How is the Wave Function u(r) = Asin(kr) Normalized?

[1v1Dota2RightMeow]

Homework Statement

I don't see how the author normalizes $u(r)=Asin(kr)$. From Griffiths, Introduction to Quantum Mechanics, 2nd edition, page 141-142:

http://imgur.com/a/bo8v6

Homework Equations

$\int_0^{\infty} \int_0^{\pi} \int_0^{2\pi}|A|^2 \sin^2(\frac{n\pi r}{a})r^2 \sin \theta drd\theta d\phi=1$

The Attempt at a Solution

My integral was
$\int_0^{\infty} \int_0^{\pi} \int_0^{2\pi}|A|^2 \sin^2(\frac{n\pi r}{a})r^2 \sin \theta drd\theta d\phi=1$

Mathematica simplifies the integral (without the $A$ for simplicity) to
$=\int_0^{\infty}4\pi r^2 \sin^2(\frac{n\pi r}{a})dr$

but it stops there. I don't think this integral converges. Did I make a mistake somewhere?

 

[Fightfish]

As Griffiths himself makes clear - the radial part of the wavefunction is $R(r) = u(r) /r$, so that is what you should be putting in the integral instead. When he says normalising $u(r)$, what he really means is finding the coefficient $A$

 

[TSny]

What is the value of the wavefunction for r > a?

The normalization condition for the radial part of the wavefunction R(r) is given in Griffith's equation [4.31] (not shown in your picture).

 

[1v1Dota2RightMeow]

What is the value of the wavefunction for r > a?

The normalization condition for the radial part of the wavefunction R(r) is given in Griffith's equation [4.31] (not shown in your picture).

The wavefunction is $0$ for $r>a$.

 

[1v1Dota2RightMeow]

As Griffiths himself makes clear - the radial part of the wavefunction is $R(r) = u(r) /r$, so that is what you should be putting in the integral instead. When he says normalising $u(r)$, what he really means is finding the coefficient $A$

Ah I see. Ok then but normalizing according to that equation yields $\int_0^{\infty} |A|^2 sin^2 (n*\pi *r/a)dr$, which does not converge.

 

[TSny]

Did you take account of the fact that the wavefunction vanishes for r > a?

 

[1v1Dota2RightMeow]

Did you take account of the fact that the wavefunction vanishes for r > a?

But I thought whenever you normalize, you integrate over all space?

 

[TSny]

Yes, you integrate over all space. But you have to use the correct wavefunction for all of space.

 

[TSny]

To put it another way, is there a need to integrate over regions of space where the wavefunction is zero?

 

[1v1Dota2RightMeow]

Yes, you integrate over all space. But you have to use the correct wavefunction for all of space.

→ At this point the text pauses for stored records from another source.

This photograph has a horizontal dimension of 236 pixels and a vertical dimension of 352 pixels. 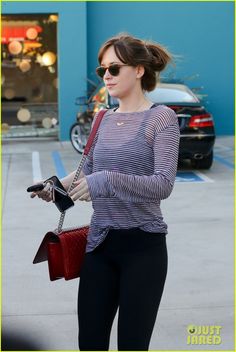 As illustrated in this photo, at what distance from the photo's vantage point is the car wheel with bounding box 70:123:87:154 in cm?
1338

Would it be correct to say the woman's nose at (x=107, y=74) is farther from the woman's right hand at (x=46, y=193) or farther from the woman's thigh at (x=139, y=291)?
the woman's thigh at (x=139, y=291)

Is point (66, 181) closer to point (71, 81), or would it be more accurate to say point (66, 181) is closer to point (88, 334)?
point (88, 334)

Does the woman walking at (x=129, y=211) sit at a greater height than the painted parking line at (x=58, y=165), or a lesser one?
greater

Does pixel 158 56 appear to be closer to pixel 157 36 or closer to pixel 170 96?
pixel 170 96

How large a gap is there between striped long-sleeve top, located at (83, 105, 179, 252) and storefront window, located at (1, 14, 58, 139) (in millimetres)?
13640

So you mean the integral should technically be $\int_0^a |A|^2 sin^2 (n\pi r/a)dr + \int_a^{\infty} 0 dr$ ??

 

[TSny]

So you mean the integral should technically be $\int_0^a |A|^2 sin^2 (n\pi r/a)dr + \int_a^{\infty} 0 dr$ ??

Yes.

 

[1v1Dota2RightMeow]

Yes.

facepalm.jpgUgh...makes sense. Sorry for being so dense. Thanks!